Pictures must not appear in the copy. Restate exactly the lines below from the one with "hands using a" through the one with "Idle Canada Post", inclusive.
═══ Exercise material
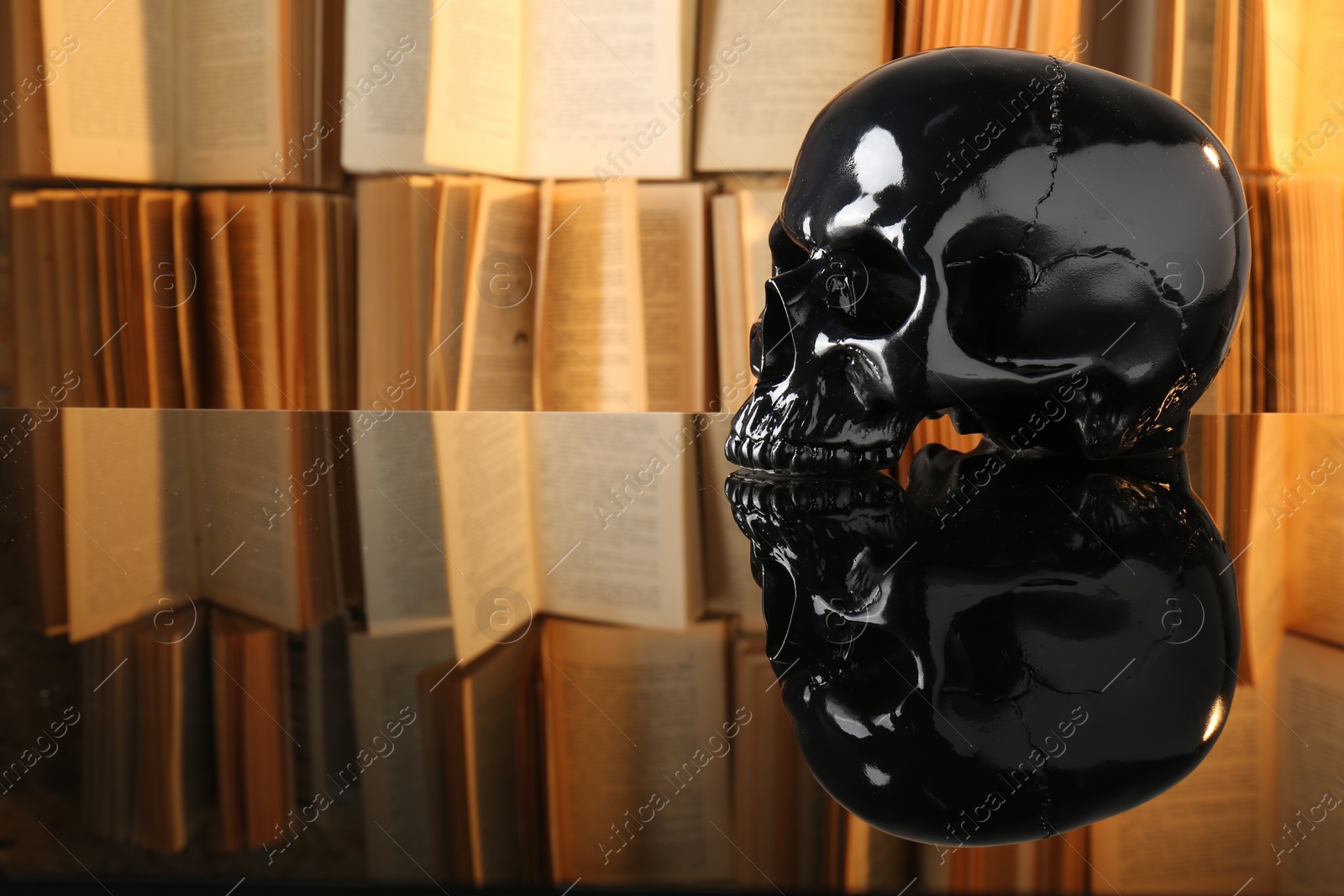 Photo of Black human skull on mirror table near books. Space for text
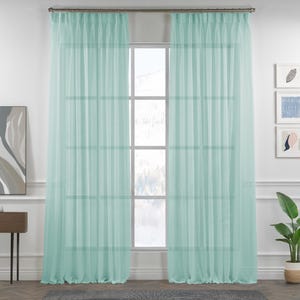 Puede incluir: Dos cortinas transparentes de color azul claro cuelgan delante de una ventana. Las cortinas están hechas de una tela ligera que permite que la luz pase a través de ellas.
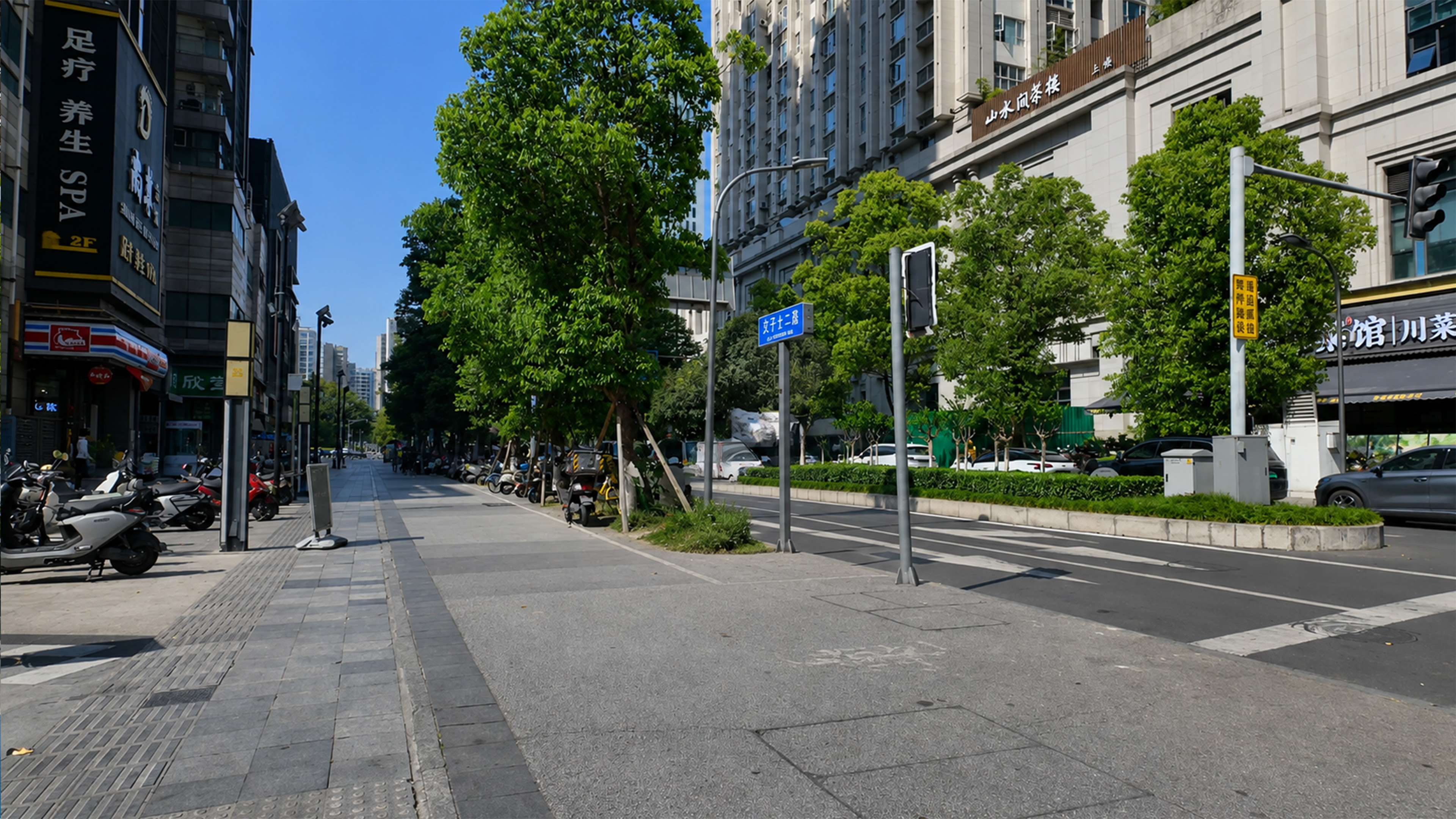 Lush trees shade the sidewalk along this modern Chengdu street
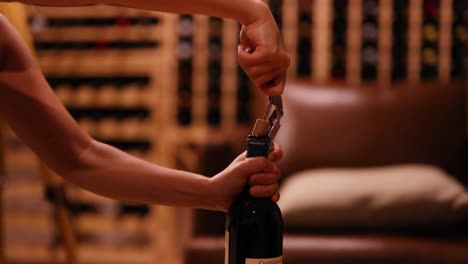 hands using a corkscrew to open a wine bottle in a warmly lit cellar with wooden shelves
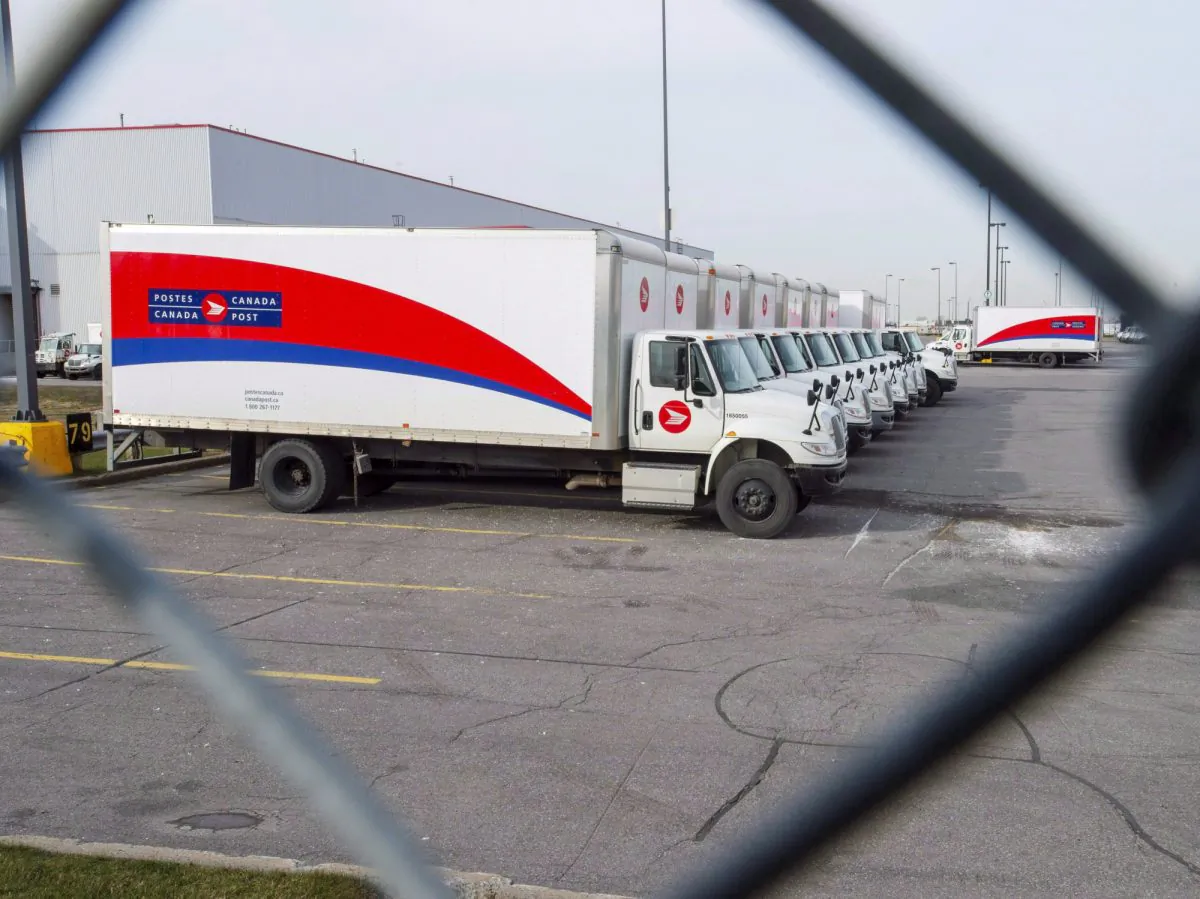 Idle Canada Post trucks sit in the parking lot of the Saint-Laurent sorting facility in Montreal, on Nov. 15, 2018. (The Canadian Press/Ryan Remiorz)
══════
═══ Exercise material
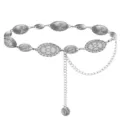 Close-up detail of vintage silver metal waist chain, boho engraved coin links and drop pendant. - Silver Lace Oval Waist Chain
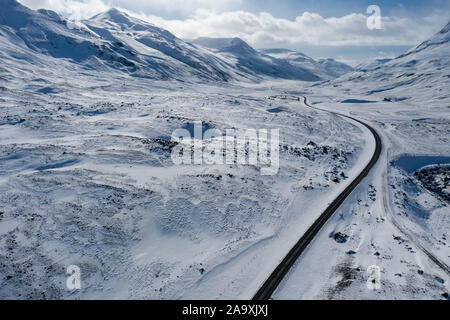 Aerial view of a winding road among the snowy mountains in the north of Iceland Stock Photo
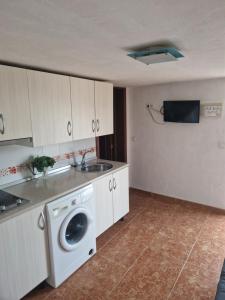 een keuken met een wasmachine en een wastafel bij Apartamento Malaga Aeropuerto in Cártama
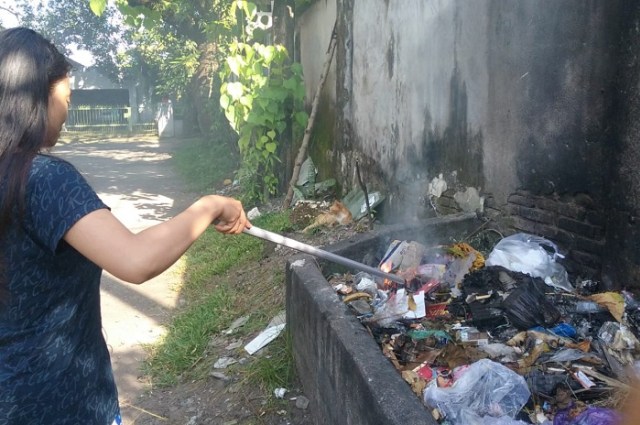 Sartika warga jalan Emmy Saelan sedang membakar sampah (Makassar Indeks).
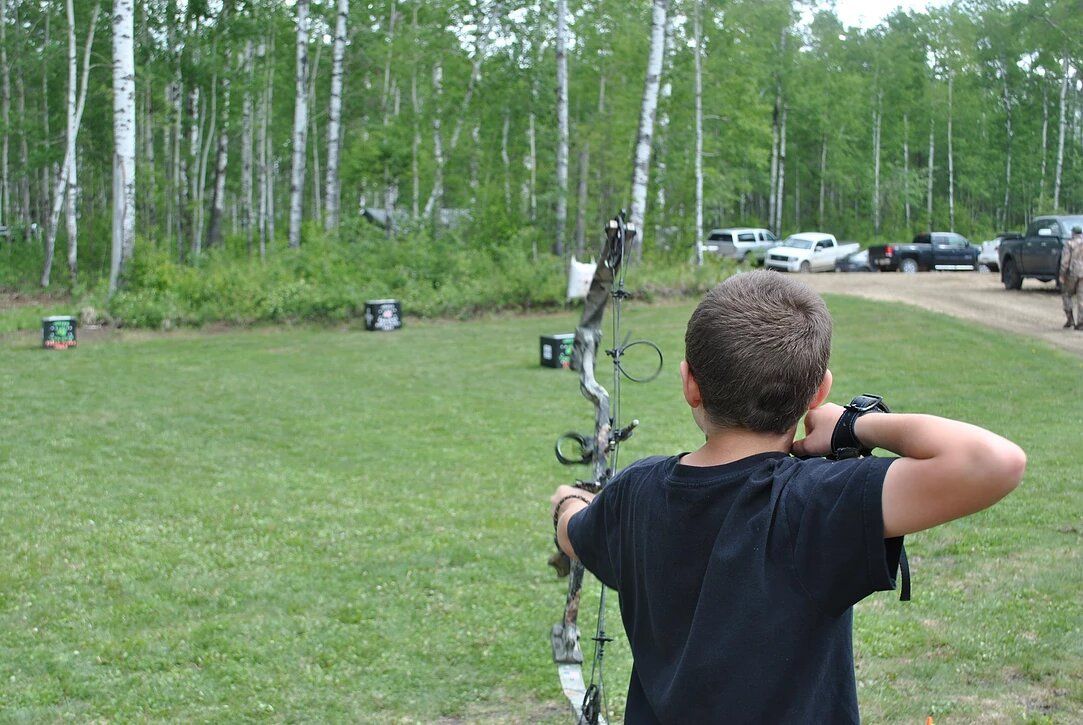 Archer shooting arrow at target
══════
═══ Exercise material
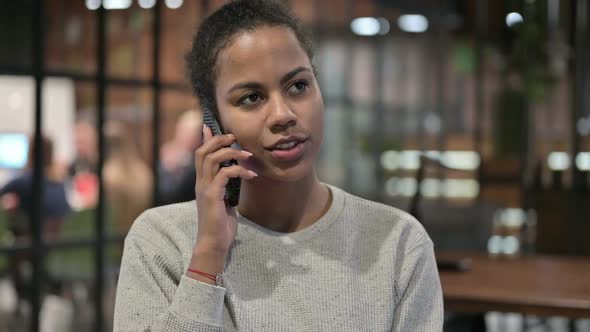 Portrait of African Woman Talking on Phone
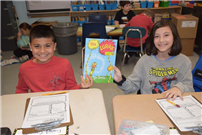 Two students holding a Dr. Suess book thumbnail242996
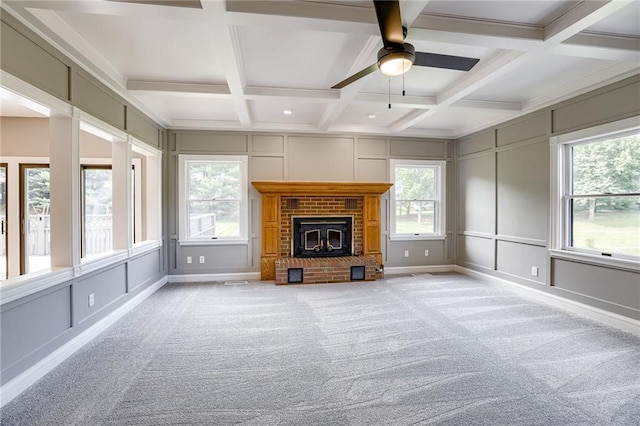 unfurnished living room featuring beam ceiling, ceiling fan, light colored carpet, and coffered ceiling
══════
## Response to the task
 hands using a corkscrew to open a wine bottle in a warmly lit cellar with wooden shelves
 Idle Canada Post trucks sit in the parking lot of the Saint-Laurent sorting facility in Montreal, on Nov. 15, 2018. (The Canadian Press/Ryan Remiorz)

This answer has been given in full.